7. The method of claim 1, wherein an external parameter is used to obtain the modified audio signal to compensate for nonlinear and/ or time -varying distortions.

8. The method of claim 7, wherein the external parameter is an environmental temperature.

9. The method of claim 1, wherein the input audio signal is an analog input audio signal and the modified audio signal is a modified analog audio signal, or wherein the input audio signal is a digital input audio signal and the modified audio signal is a modified digital audio signal.

10. The method of claim 1, wherein the modified audio signal is modified in such a way that loudspeaker damage is prevented.

11. A method for training a neural network, the method comprising: determining a feature set of a feedback signal and a feature set of an input audio signal based on the input audio signal; and performing a comparison of the feature set of the feedback signal with the feature set of an input audio signal to obtain a comparison result.

12. The method of claim 11, wherein the method for training a neural network further comprises performing feature extraction on the feedback signal to obtain the feature set of the feedback signal, and/or wherein the method for training a neural network further comprises performing feature extraction on the input audio signal to obtain the feature set of the input audio signal.

13. The method of claim 11, wherein the method for training a neural network further comprises obtaining a parameter at a loudspeaker, wherein the parameter obtained at the loudspeaker is a temperature of the loudspeaker, and wherein the method for training a neural network further comprises feeding the parameter to an input layer of the neural network.

14. The method of claim 13, wherein the method for training a neural network further comprises optimizing neural network weights based on the comparison result and the temperature of the loudspeaker.

15. The method of claim 11 or 14, wherein the method for training a neural network further comprises obtaining an external parameter, and wherein the external parameter is an environmental temperature.
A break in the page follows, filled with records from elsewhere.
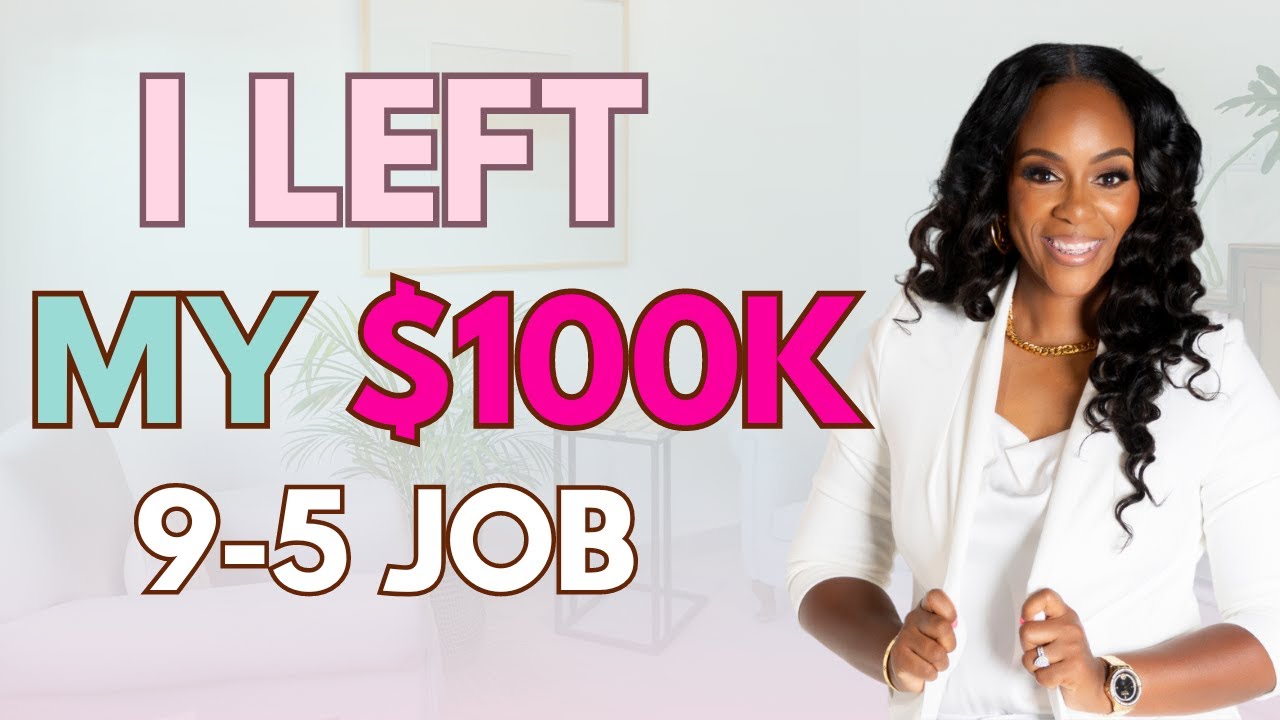 How I Left My $100K+ 9-5 Job - STEPS TO LEAVE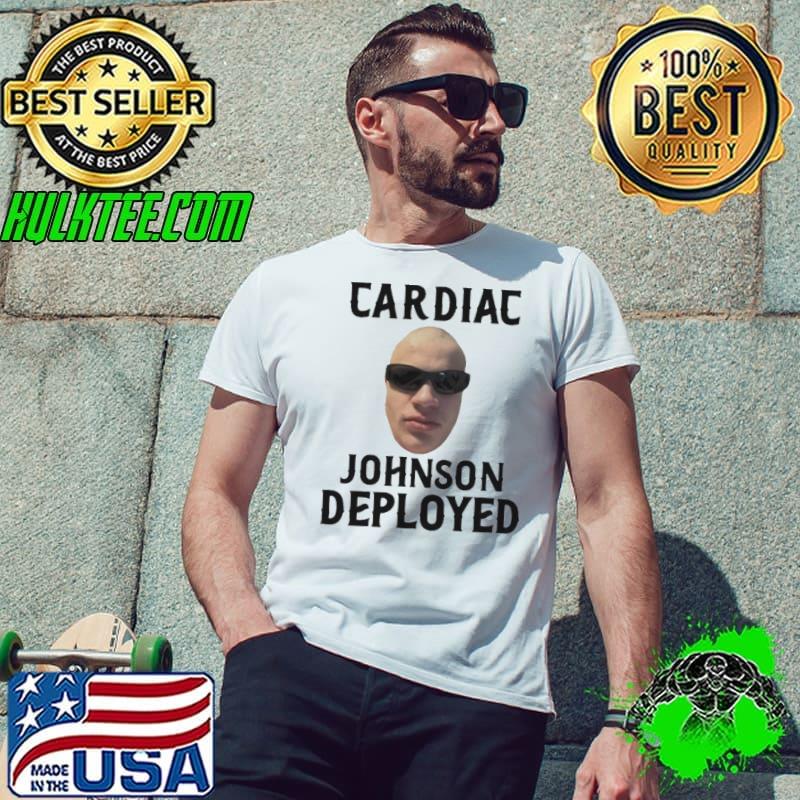 Cardiac Johnson Deployed Shirt Cardiac Johnson Deployed Shirt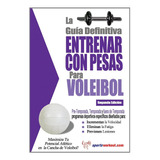 Libro: La Guía Definitiva Entrenar Con Pesas Para Voleibol (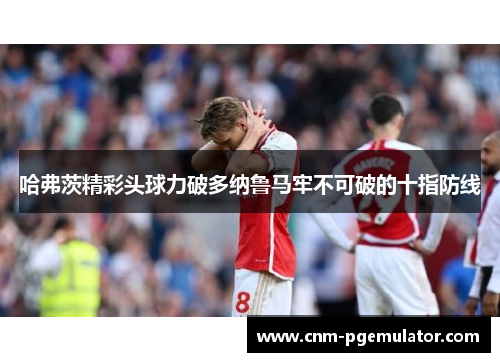 哈弗茨精彩头球力破多纳鲁马牢不可破的十指防线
16. The method of claim 15, wherein the method for training a neural network further comprises optimizing neural network weights based on the comparison result and the environmental temperature.

17. The method of claim 11, wherein the method for training a neural network further comprises optimizing neural network weights so that the neural network is configured to modify an audio signal so that loudspeaker damage is prevented.

18. An electronic device comprising circuitry configured to modify an input audio signal to obtain a modified audio signal to compensate for nonlinear and/ or time -varying distortions effected by a loudspeaker.

19. The electronic device of claim 18, wherein the circuitry is configured to use a parameter obtained at the loudspeaker to obtain the modified audio signal to compensate for nonlinear and/ or time -varying distortions.

20. An electronic device comprising circuitry configured to: determine a feature set of a feedback signal and a feature set of an input audio signal based on the input audio signal; and perform a comparison of the feature set of a feedback signal with the feature set of an input audio signal to obtain a comparison result.

Description:
METHODS AND ELECTRONIC DEVICES

TECHNICAL FIELD

The present disclosure generally pertains to the field of audio reproduction by means of a loudspeaker system.

TECHNICAL BACKGROUND

Power amplifiers and loudspeakers are the final stages in an audio playback chain. An audio power amplifier amplifies low-power electronic audio signals, such as the signal from a music player to a power level that is high enough for driving the loudspeakers. The loudspeakers convert the electric energy generated by the amplifier into acoustic energy.

Typically, loudspeakers suffer from various e.g. nonlinear effects that cause a poor conversion of the playback signal to the audio waveform. Loudspeakers having fixed, i.e., time-invariant, linear digital filters, e.g., Finite Impulse Response (FIR), infinite Impulse Response (HR), are traditionally used to compensate for the magnitude and phase distortions of the loudspeaker.

Although there exist techniques for improved playback signal conversion in an audio playback chain, it is generally desirable to provide improved ways of playback signal conversion of an audio input signal.

SUMMARY

According to a first aspect, the disclosure provides a method comprising modifying an input audio signal to obtain a modified audio signal to compensate for nonlinear and/ or time-varying distortions effected by a loudspeaker.

According to a second aspect, the disclosure provides a method for training a neural network, the method comprising determining a feature set of a feedback signal and a feature set of an input audio signal based on the input audio signal; and performing a comparison of the feature set of a feedback signal with the feature set of an input audio signal to obtain a comparison result.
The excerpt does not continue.